Work instructions.
The entries need to be copied exactly as they stand, images left out.
─── Input material
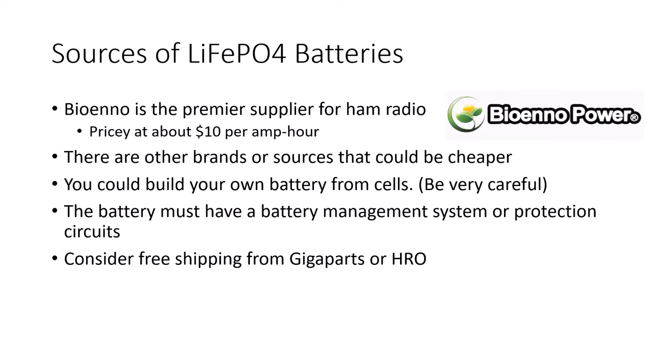If you're ordering a lithium iron battery, they have to come by ground in the United States. But it's nice that you can take advantage of free shipping from Gigaparts or HRO if you purchase one through them.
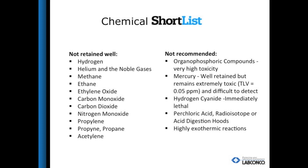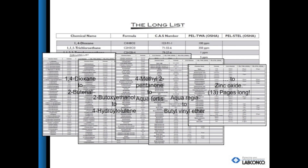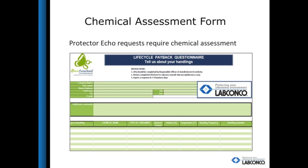This is the short list of chemicals which are not compatible with the Protector Echo. These are chemicals which are naturally gaseous under normal temperature and pressure conditions with a very low boiling point of under 25 degrees Celsius, and are not allowed for use in the Echo. The long list of chemicals that have been tested with Neutrodyne filtration and proven to work is 13 pages long, and is constantly being updated to expand the use of Neutrodyne filtration. Because we want to ensure safety for every Echo application, a chemical assessment form must be filled out prior to each order to make sure it is compatible with the filtration.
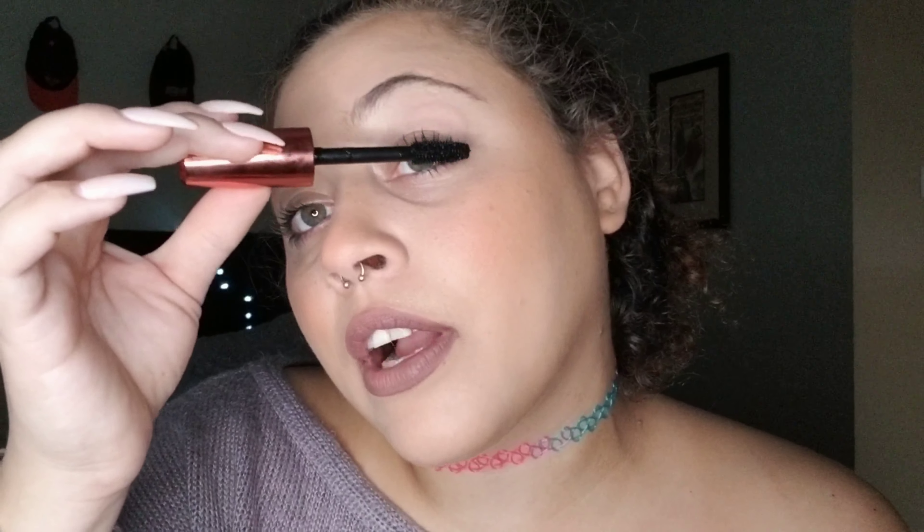Another thing I forgot to mention: I don't do my eyebrows half the time — I know that's a big no-no in the makeup world. I prefer to do my eyebrows when I'm going full glam: eyeliner and falsies, the whole shebang.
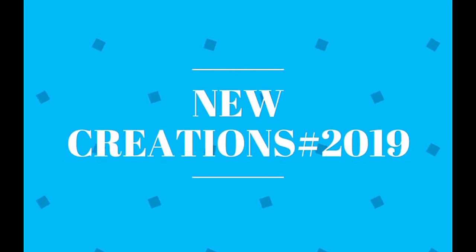Hi friends! Welcome to our channel, New Creations, Aztec 2019. Let's talk about an experiment.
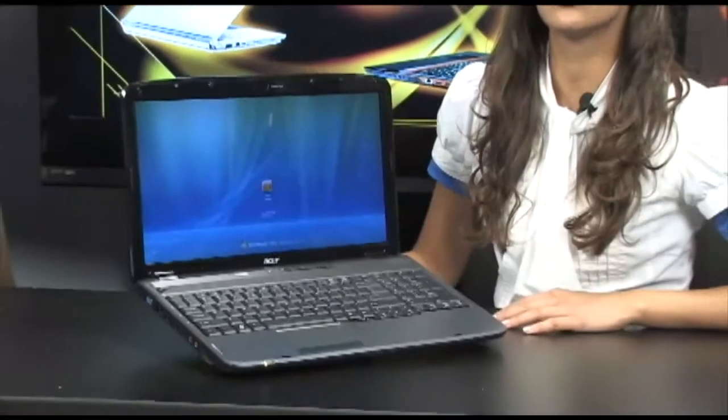Alright, for all my fellow students and gamers out there, I have the Acer Aspire 5535 Notebook PC. This is a great machine. It's beautiful. It's got a blue moonstone gemstone color from Acer.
──────
Output of the exercise.
If you're ordering a lithium iron battery, they have to come by ground in the United States. But it's nice that you can take advantage of free shipping from Gigaparts or HRO if you purchase one through them.
This is the short list of chemicals which are not compatible with the Protector Echo. These are chemicals which are naturally gaseous under normal temperature and pressure conditions with a very low boiling point of under 25 degrees Celsius, and are not allowed for use in the Echo. The long list of chemicals that have been tested with Neutrodyne filtration and proven to work is 13 pages long, and is constantly being updated to expand the use of Neutrodyne filtration. Because we want to ensure safety for every Echo application, a chemical assessment form must be filled out prior to each order to make sure it is compatible with the filtration.
Another thing I forgot to mention: I don't do my eyebrows half the time — I know that's a big no-no in the makeup world. I prefer to do my eyebrows when I'm going full glam: eyeliner and falsies, the whole shebang.
Hi friends! Welcome to our channel, New Creations, Aztec 2019. Let's talk about an experiment.
Alright, for all my fellow students and gamers out there, I have the Acer Aspire 5535 Notebook PC. This is a great machine. It's beautiful. It's got a blue moonstone gemstone color from Acer.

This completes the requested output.